Copy down the listing below exactly. Do not include pictures.

***** Information

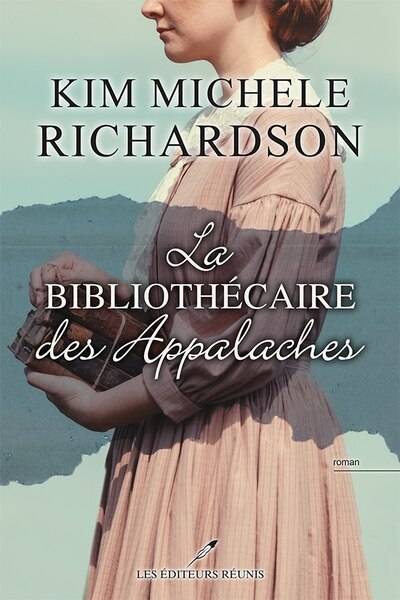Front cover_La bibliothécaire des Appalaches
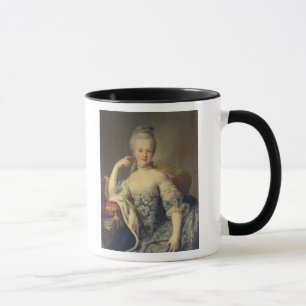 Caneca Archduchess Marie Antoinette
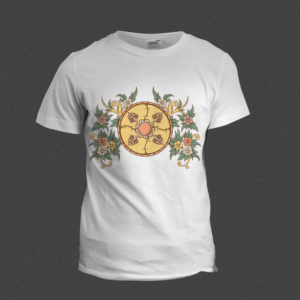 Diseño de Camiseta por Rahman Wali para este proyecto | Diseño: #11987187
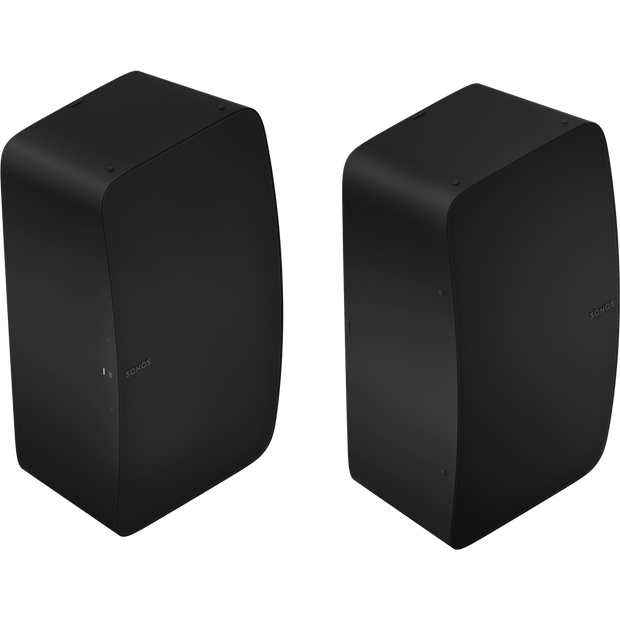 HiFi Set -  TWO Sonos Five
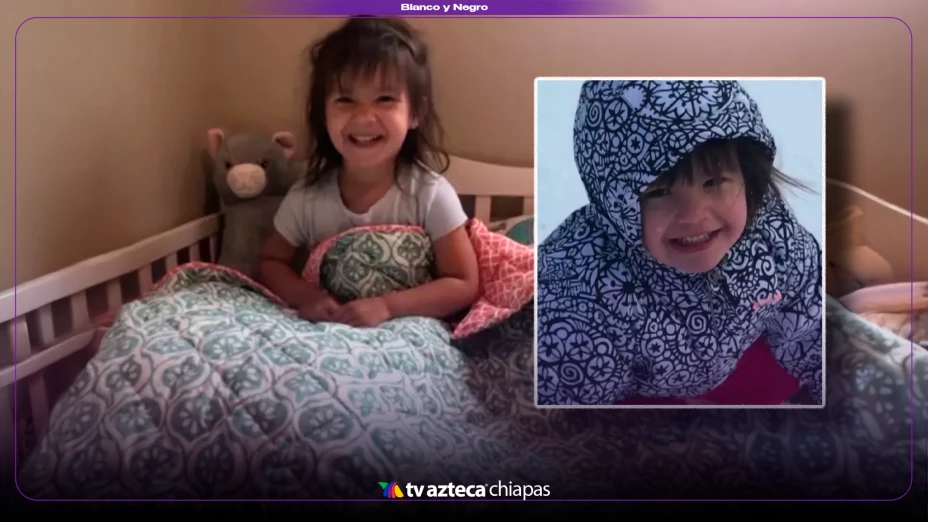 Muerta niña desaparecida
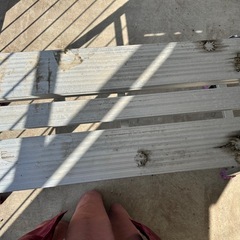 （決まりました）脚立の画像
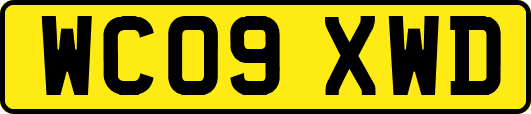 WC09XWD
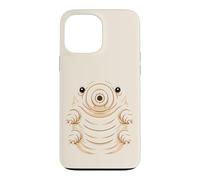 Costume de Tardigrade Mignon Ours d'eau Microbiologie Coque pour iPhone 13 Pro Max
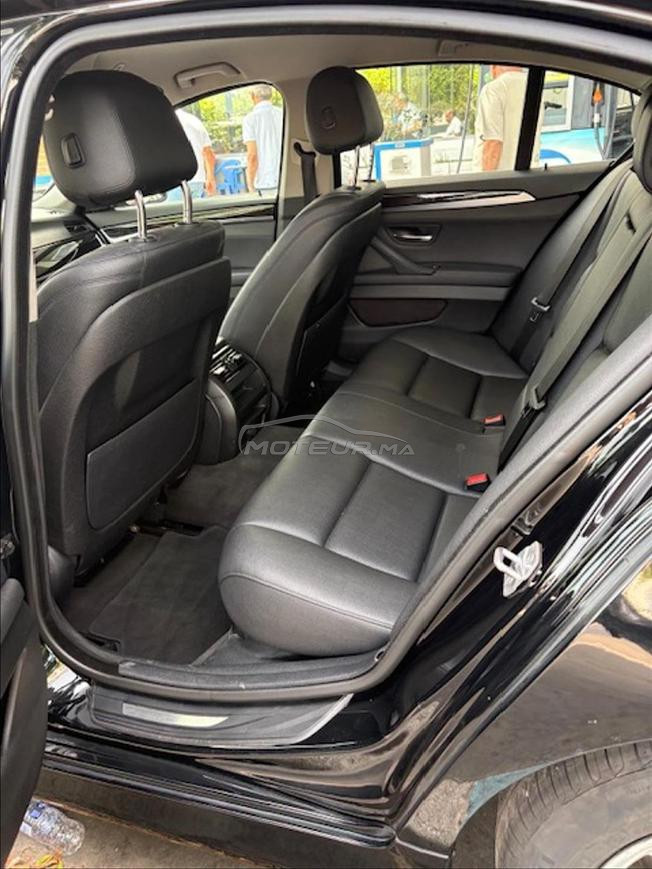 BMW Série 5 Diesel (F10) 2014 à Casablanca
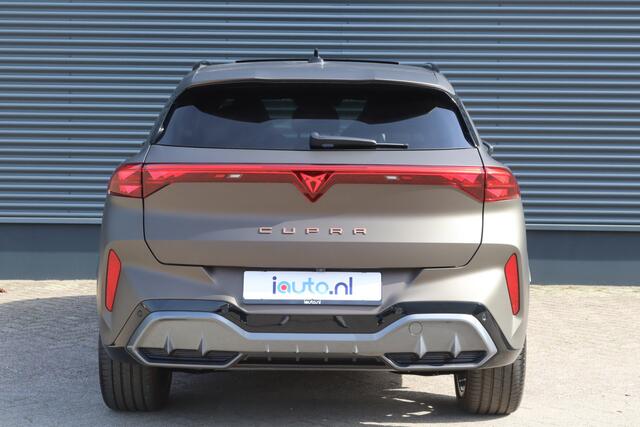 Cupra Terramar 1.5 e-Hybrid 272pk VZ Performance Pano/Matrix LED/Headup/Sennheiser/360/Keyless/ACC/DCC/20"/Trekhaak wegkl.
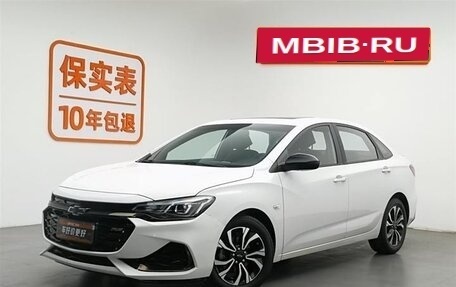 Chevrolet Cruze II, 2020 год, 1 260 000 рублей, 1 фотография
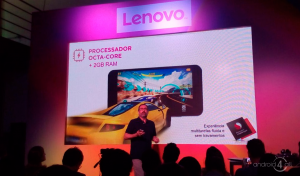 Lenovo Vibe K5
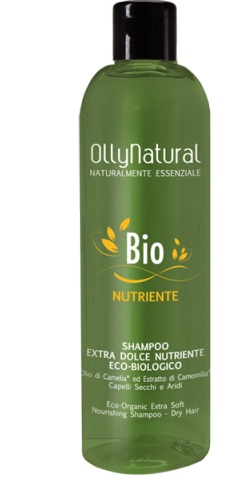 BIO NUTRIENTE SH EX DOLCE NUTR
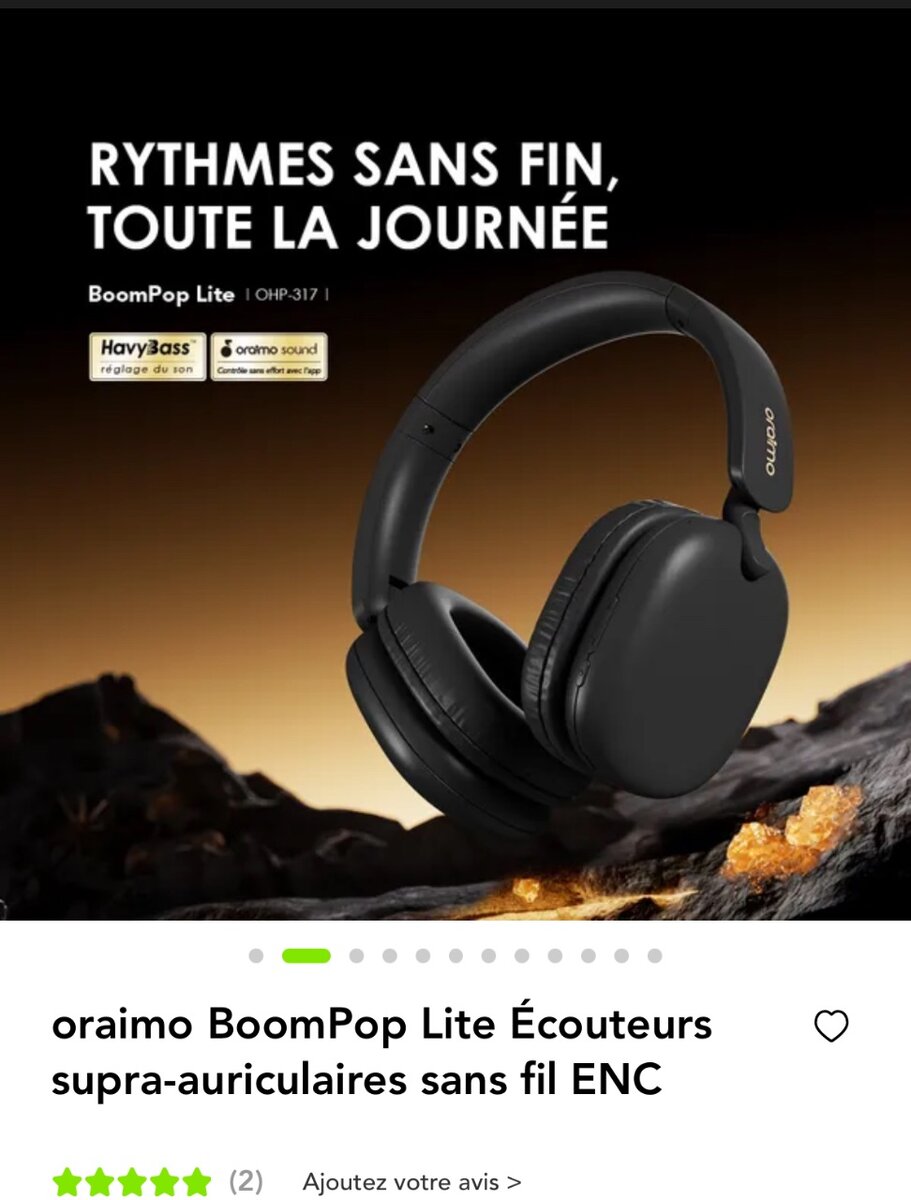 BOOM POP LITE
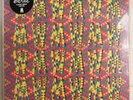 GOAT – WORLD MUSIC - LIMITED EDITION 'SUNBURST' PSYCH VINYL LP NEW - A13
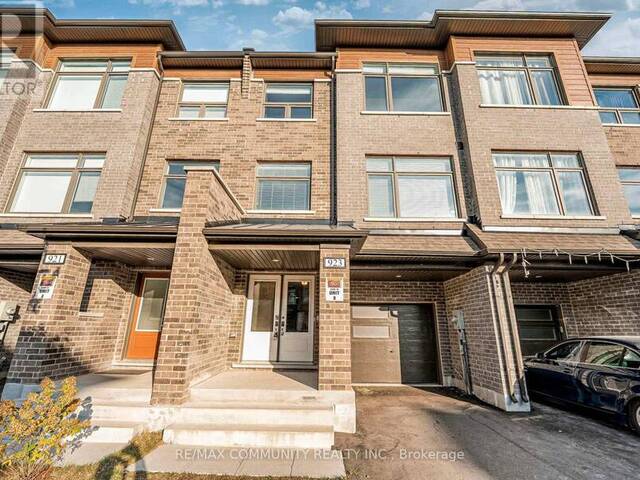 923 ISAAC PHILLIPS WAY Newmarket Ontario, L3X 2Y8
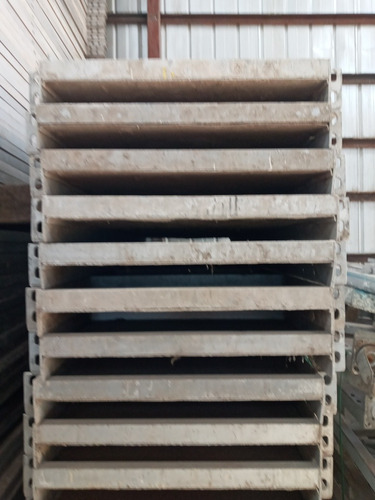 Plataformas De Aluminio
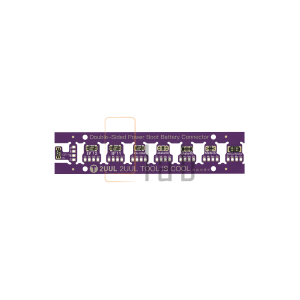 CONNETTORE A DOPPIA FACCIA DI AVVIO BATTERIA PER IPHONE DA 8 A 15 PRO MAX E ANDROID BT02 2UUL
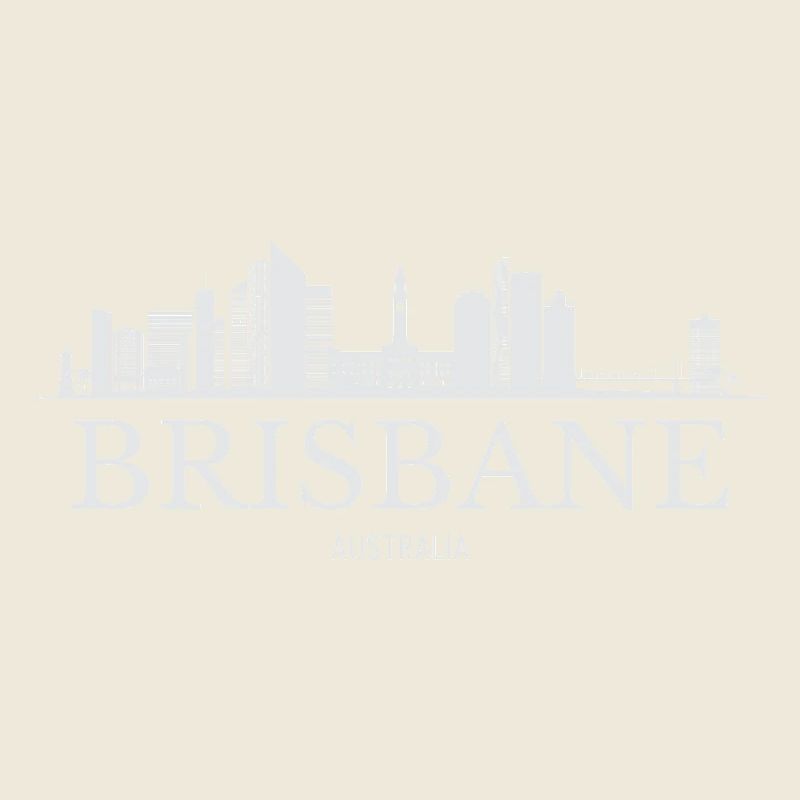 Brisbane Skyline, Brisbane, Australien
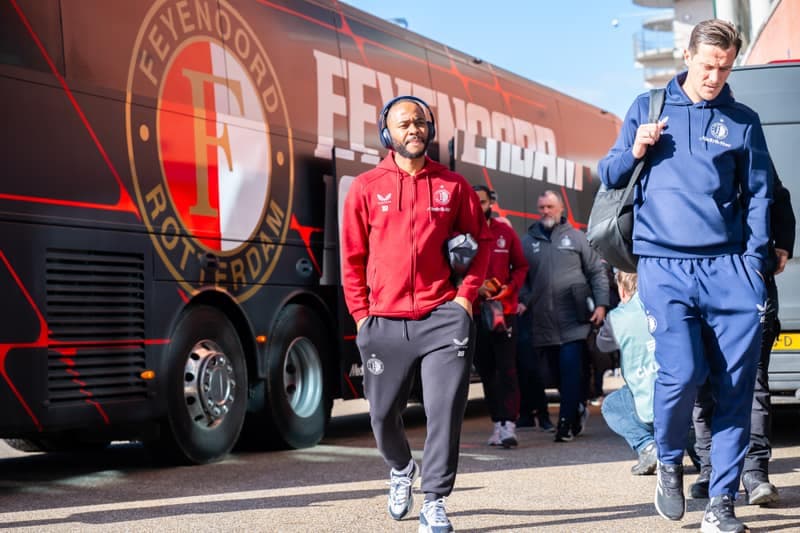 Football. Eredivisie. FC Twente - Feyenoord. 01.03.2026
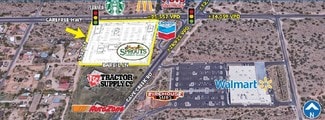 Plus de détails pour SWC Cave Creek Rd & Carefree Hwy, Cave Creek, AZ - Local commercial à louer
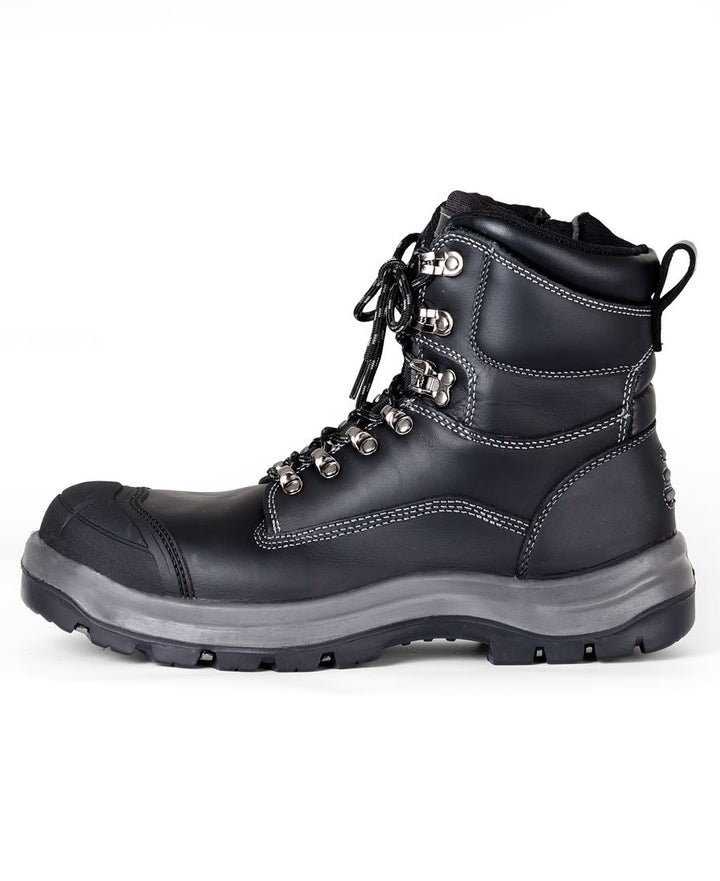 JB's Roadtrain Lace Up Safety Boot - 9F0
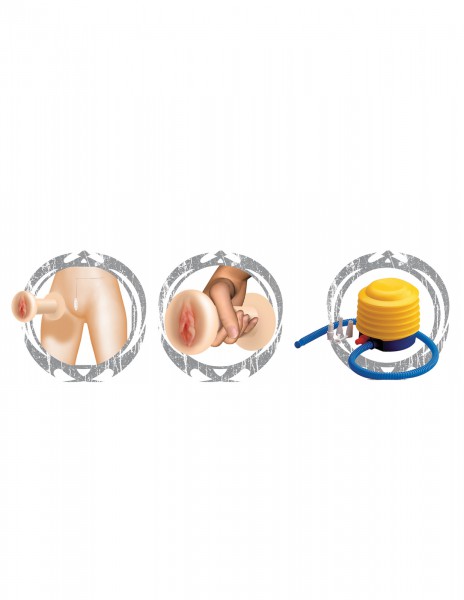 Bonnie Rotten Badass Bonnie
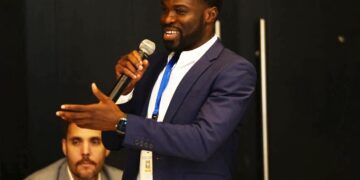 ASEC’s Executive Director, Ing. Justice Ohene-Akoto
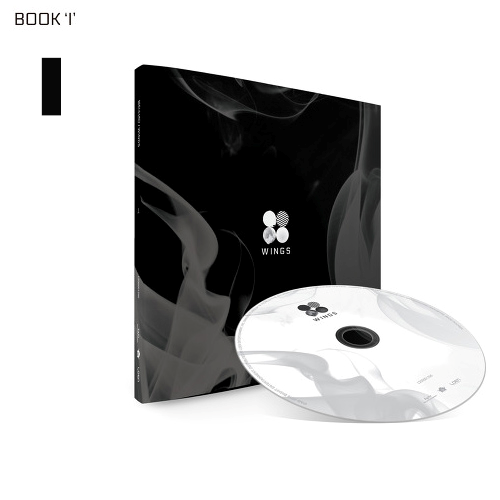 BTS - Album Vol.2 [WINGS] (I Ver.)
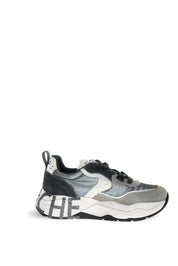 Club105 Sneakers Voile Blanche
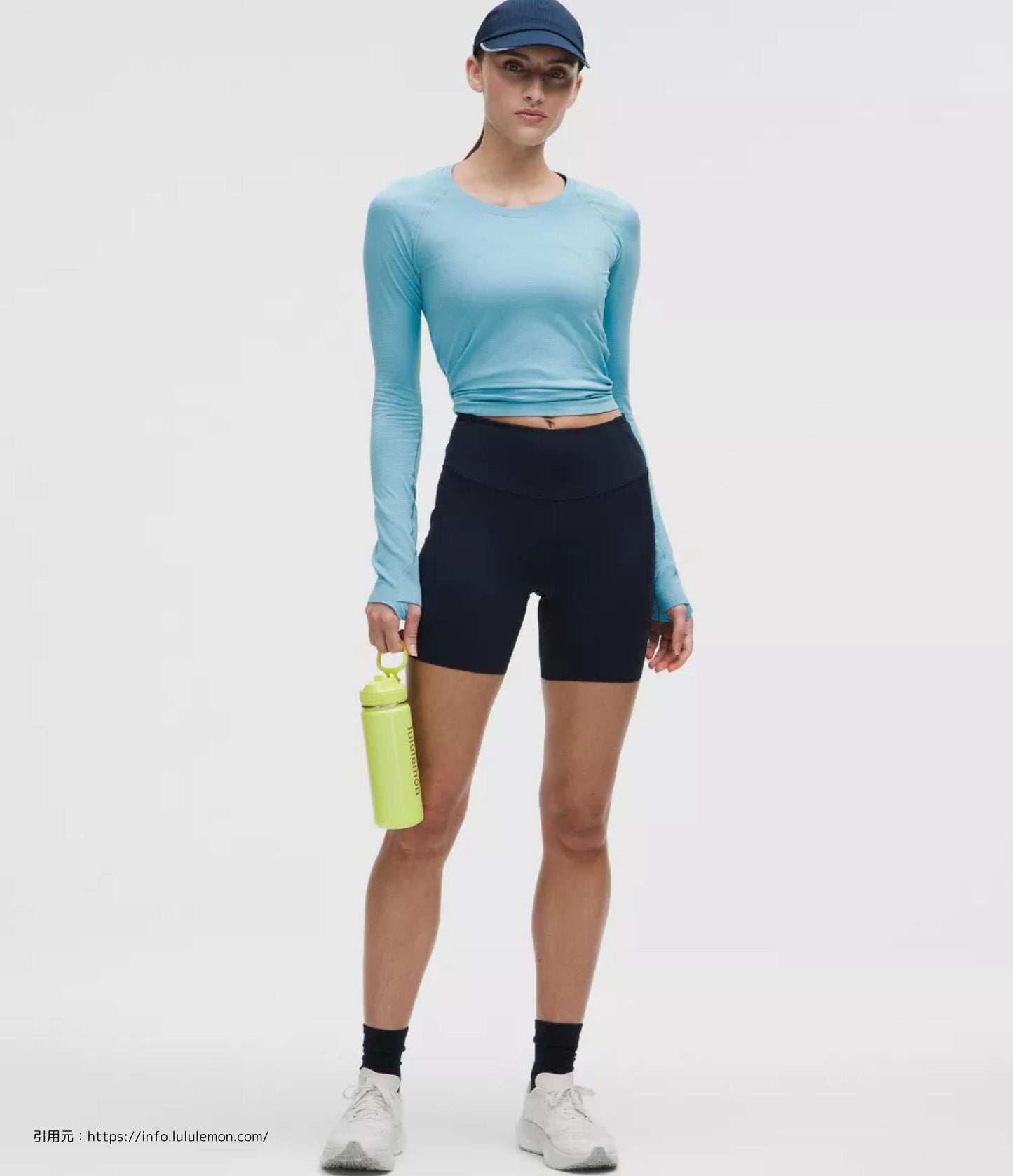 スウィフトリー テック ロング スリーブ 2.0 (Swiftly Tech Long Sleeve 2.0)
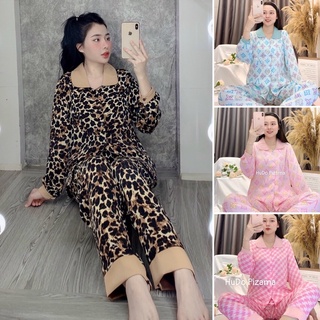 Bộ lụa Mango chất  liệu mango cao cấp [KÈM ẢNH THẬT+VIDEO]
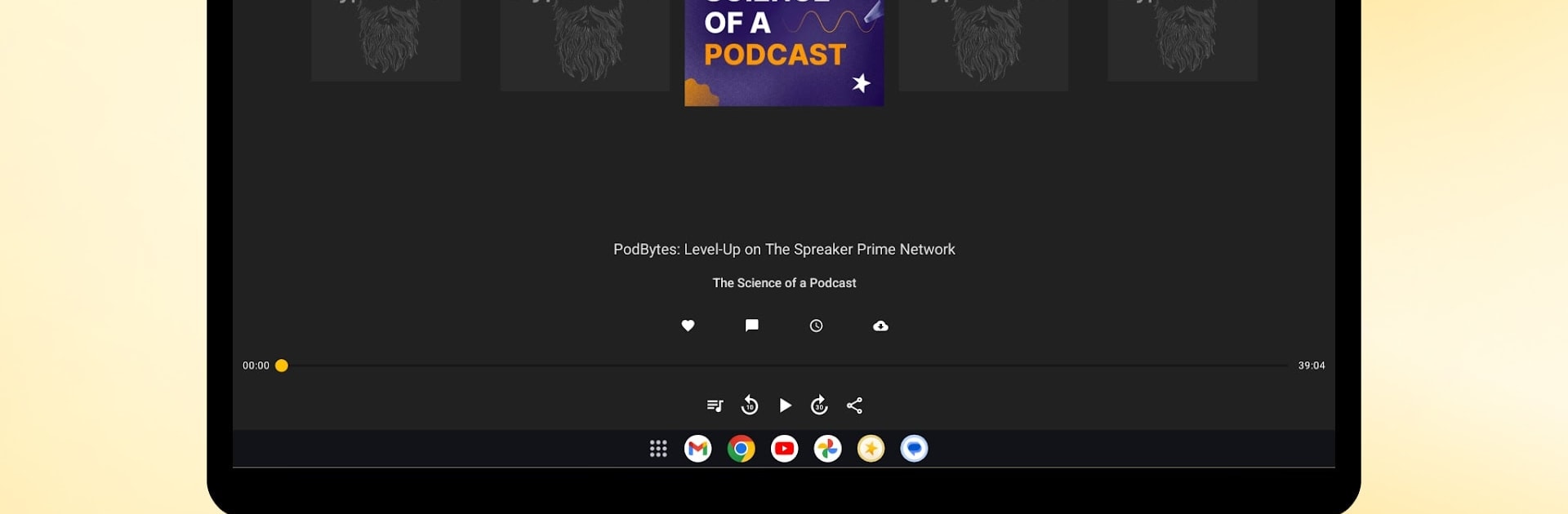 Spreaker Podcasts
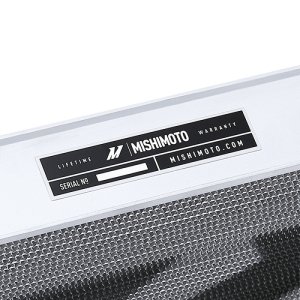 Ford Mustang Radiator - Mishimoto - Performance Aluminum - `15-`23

**********

Result of this task:
Front cover_La bibliothécaire des Appalaches
 Caneca Archduchess Marie Antoinette
 Diseño de Camiseta por Rahman Wali para este proyecto | Diseño: #11987187
 HiFi Set -  TWO Sonos Five
 Muerta niña desaparecida
 （決まりました）脚立の画像
 WC09XWD
 Costume de Tardigrade Mignon Ours d'eau Microbiologie Coque pour iPhone 13 Pro Max
 BMW Série 5 Diesel (F10) 2014 à Casablanca
 Cupra Terramar 1.5 e-Hybrid 272pk VZ Performance Pano/Matrix LED/Headup/Sennheiser/360/Keyless/ACC/DCC/20"/Trekhaak wegkl.
 Chevrolet Cruze II, 2020 год, 1 260 000 рублей, 1 фотография
 Lenovo Vibe K5
 BIO NUTRIENTE SH EX DOLCE NUTR
 BOOM POP LITE
 GOAT – WORLD MUSIC - LIMITED EDITION 'SUNBURST' PSYCH VINYL LP NEW - A13
 923 ISAAC PHILLIPS WAY Newmarket Ontario, L3X 2Y8
 Plataformas De Aluminio
 CONNETTORE A DOPPIA FACCIA DI AVVIO BATTERIA PER IPHONE DA 8 A 15 PRO MAX E ANDROID BT02 2UUL
 Brisbane Skyline, Brisbane, Australien
 Football. Eredivisie. FC Twente - Feyenoord. 01.03.2026
 Plus de détails pour SWC Cave Creek Rd & Carefree Hwy, Cave Creek, AZ - Local commercial à louer
 JB's Roadtrain Lace Up Safety Boot - 9F0
 Bonnie Rotten Badass Bonnie
 ASEC’s Executive Director, Ing. Justice Ohene-Akoto
 BTS - Album Vol.2 [WINGS] (I Ver.)
 Club105 Sneakers Voile Blanche
 スウィフトリー テック ロング スリーブ 2.0 (Swiftly Tech Long Sleeve 2.0)
 Bộ lụa Mango chất  liệu mango cao cấp [KÈM ẢNH THẬT+VIDEO]
 Spreaker Podcasts
 Ford Mustang Radiator - Mishimoto - Performance Aluminum - `15-`23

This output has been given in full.